# Canadian with pre-existing health conditions



## jpperry57 (Dec 28, 2010)

Hi,

I'm a new member of this forum. I'm Canadian, 53 years old, with diabetes and depression. I'll be retiring with my husband within 2 years, and I'm thinking about Spain as a permanent home. Can anyone offer some suggestions as health insurance? Which companies, if any, offer private health insurance to non EU retirees with pre-existing conditions? Can I buy in to the Spanish public health-care system? If I choose not to buy health insurance at all, what is the out of pocket cost of doctor's visits and hospital beds? We have universal health care in Canada: Can I "transfer" my health care coverage to Spain? Thanks to anyone who can help me with these questions.


----------



## Guest (Dec 28, 2010)

jpperry57 said:


> Hi,
> 
> I'm a new member of this forum. I'm Canadian, 53 years old, with diabetes and depression. I'll be retiring with my husband within 2 years, and I'm thinking about Spain as a permanent home. Can anyone offer some suggestions as health insurance? Which companies, if any, offer private health insurance to non EU retirees with pre-existing conditions? Can I buy in to the Spanish public health-care system? If I choose not to buy health insurance at all, what is the out of pocket cost of doctor's visits and hospital beds? We have universal health care in Canada: Can I "transfer" my health care coverage to Spain?

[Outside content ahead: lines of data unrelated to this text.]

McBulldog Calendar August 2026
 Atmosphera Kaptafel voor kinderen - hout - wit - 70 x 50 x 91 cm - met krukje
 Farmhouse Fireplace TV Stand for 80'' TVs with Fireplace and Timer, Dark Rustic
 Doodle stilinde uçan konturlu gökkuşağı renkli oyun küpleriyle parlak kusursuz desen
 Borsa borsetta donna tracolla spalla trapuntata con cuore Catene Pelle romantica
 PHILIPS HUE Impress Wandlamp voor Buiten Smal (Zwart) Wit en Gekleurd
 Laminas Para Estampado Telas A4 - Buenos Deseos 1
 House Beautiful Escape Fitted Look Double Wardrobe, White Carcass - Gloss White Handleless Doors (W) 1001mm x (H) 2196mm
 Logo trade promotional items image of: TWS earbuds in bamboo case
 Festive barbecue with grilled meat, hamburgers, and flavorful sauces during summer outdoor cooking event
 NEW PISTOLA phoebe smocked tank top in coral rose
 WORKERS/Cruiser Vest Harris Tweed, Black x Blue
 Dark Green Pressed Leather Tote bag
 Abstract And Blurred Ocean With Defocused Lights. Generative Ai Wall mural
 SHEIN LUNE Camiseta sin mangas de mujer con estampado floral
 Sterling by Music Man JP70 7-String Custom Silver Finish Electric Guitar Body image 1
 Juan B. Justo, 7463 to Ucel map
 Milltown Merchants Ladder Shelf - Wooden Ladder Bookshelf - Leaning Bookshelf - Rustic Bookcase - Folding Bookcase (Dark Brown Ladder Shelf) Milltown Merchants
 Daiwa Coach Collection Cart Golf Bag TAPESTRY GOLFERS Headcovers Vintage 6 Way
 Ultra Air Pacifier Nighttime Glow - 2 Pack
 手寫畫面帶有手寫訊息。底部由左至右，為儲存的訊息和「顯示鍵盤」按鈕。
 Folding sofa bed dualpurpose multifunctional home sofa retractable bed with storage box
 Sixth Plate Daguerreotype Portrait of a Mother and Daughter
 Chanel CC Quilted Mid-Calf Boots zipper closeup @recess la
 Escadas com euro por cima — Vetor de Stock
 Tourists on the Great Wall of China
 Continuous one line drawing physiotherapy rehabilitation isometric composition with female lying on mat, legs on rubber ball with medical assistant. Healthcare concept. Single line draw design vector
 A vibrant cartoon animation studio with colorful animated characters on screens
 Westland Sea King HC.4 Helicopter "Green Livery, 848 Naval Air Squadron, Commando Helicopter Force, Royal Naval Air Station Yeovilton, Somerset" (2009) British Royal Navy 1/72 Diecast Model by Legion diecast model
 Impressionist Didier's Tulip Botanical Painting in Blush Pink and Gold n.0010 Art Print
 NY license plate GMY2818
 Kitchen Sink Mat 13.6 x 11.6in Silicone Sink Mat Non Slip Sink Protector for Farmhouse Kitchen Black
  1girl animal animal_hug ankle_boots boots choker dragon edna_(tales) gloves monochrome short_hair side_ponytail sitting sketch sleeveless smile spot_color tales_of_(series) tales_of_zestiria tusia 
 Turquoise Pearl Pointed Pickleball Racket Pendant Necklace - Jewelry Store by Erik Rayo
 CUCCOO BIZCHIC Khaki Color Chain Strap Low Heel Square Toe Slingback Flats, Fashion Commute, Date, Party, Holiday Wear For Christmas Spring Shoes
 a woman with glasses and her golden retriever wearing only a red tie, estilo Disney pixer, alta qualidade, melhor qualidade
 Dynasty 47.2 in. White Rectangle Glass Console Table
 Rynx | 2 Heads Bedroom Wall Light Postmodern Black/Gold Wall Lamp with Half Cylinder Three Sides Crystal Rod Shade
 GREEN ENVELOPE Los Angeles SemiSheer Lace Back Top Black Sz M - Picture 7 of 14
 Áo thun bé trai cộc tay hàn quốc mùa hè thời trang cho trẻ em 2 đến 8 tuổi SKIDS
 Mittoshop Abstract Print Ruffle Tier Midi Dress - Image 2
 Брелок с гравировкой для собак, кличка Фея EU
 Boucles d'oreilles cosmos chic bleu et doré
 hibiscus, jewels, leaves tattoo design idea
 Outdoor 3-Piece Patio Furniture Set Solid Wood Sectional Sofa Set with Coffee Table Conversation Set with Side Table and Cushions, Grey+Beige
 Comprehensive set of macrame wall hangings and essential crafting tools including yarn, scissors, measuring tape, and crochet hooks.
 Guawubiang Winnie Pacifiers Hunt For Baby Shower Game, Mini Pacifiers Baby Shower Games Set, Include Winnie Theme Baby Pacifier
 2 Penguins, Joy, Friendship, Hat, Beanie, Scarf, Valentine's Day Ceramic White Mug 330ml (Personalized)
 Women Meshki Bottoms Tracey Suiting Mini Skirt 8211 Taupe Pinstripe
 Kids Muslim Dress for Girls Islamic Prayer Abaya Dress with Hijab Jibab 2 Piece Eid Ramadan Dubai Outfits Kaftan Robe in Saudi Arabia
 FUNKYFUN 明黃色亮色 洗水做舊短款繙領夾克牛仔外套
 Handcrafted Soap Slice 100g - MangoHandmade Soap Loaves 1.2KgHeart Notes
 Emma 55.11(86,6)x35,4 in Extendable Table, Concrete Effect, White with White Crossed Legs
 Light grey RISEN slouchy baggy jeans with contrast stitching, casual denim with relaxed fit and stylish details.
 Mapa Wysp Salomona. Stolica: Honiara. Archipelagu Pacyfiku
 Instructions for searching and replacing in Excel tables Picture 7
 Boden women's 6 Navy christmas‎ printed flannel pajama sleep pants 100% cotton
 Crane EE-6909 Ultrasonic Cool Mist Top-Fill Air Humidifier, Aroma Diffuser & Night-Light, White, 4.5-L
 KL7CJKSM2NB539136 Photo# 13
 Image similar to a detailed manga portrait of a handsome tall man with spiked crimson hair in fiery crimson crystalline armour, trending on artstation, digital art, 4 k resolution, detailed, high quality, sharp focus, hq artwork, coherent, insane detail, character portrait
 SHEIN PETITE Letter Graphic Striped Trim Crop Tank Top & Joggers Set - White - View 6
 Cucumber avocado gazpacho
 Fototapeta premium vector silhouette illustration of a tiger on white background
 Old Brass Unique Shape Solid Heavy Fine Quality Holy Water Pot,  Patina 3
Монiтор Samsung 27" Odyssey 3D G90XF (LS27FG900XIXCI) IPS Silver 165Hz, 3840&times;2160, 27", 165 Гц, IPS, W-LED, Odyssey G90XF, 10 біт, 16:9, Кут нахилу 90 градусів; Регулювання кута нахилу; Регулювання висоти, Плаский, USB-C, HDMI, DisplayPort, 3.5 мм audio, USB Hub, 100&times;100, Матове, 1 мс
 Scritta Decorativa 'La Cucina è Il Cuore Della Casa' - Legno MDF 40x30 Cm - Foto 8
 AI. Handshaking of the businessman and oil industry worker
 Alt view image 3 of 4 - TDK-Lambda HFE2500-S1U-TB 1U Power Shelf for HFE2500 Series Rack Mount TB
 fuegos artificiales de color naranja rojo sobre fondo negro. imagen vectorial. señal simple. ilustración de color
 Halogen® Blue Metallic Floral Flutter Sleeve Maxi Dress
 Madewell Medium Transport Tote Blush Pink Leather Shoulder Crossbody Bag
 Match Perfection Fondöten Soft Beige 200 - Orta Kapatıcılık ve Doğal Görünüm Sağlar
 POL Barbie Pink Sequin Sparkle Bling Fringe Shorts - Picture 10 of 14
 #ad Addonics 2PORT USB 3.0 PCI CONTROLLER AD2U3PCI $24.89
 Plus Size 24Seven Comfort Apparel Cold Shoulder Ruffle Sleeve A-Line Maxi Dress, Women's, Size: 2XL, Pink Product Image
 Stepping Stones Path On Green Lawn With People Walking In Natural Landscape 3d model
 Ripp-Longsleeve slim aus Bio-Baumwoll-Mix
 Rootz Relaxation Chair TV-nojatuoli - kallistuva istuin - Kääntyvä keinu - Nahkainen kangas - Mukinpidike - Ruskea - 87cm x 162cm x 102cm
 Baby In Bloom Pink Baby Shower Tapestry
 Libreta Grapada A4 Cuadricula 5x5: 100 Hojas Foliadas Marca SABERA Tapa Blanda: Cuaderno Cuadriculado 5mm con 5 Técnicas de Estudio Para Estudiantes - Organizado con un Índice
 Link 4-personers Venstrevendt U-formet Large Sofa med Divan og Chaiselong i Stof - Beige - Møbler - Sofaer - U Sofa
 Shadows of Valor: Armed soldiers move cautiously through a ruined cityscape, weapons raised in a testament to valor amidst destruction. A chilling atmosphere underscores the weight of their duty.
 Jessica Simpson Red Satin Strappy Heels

Thanks to anyone who can help me with these questions.


Before even worrying about health care, do you have a "ticket" into Spain? That is, are you or your spouse EU citizens? Will you be able to meet the visa requirements to live here? If so - great! ¡Bienvenidos!

I'm not sure how the pre-existing conditions bit works here in Spain. However, I've had very good luck with my Mapfre health insurance. I don't think there's any sort of health coverage "transfer" between countries for *residents* (I specify because there might be for *visitors*). 

PLEASE don't make the mistake of travelling anywhere without insurance. I thought I could get by the three months I was visiting home this summer, and ended up with a nasty dog bite and hospital bill - I'm still not sure which was more painful. And for the uninsured in Spain, it's a similar story. My point is, you NEVER know when something could happen. Don't make this mistake, especially when private insurance in Spain is relatively cheap. (At 25 years old, I pay around 50 eur a month.)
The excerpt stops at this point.